*** Opening Raw data ***

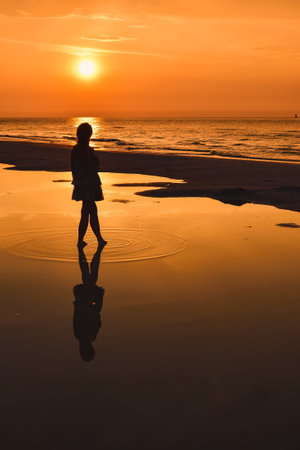 Woman on the seashore in a beautiful evening scenery. Girl walking on the beach with the setting sun in the background. Photo taken at the Baltic Sea in Leba, Poland.の写真素材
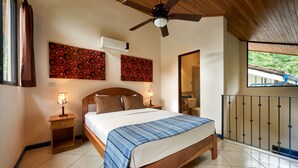 Una camera da letto con un letto di legno, due comodini con lampade e un ventilatore a soffitto, con vista sull'esterno attraverso una finestra.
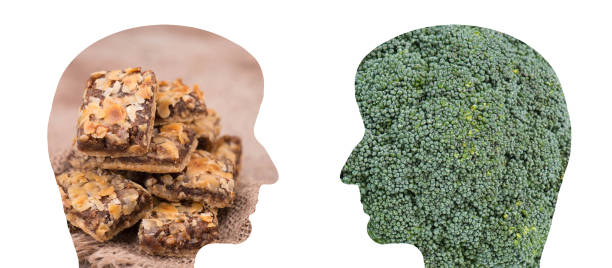 Two people one is eating healthy food, vegatables like broccoli the other person is chooses unhealthy cake, diet and fitness concept Two people one is eating healthy food, vegatables like broccoli the other person is chooses unhealthy cake, diet and fitness concept diabetic foot stock pictures, royalty-free photos & images
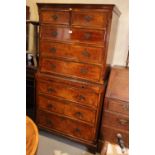 A burr walnut and banded chest on chest with brushing slide, on bracket feet, 35" wide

*** Closing Raw data ***

Task description:
Copy out every line of the data exactly, leaving the images behind.

Exercise solution:
 Woman on the seashore in a beautiful evening scenery. Girl walking on the beach with the setting sun in the background. Photo taken at the Baltic Sea in Leba, Poland.の写真素材
 Una camera da letto con un letto di legno, due comodini con lampade e un ventilatore a soffitto, con vista sull'esterno attraverso una finestra.
 Two people one is eating healthy food, vegatables like broccoli the other person is chooses unhealthy cake, diet and fitness concept Two people one is eating healthy food, vegatables like broccoli the other person is chooses unhealthy cake, diet and fitness concept diabetic foot stock pictures, royalty-free photos & images
 A burr walnut and banded chest on chest with brushing slide, on bracket feet, 35" wide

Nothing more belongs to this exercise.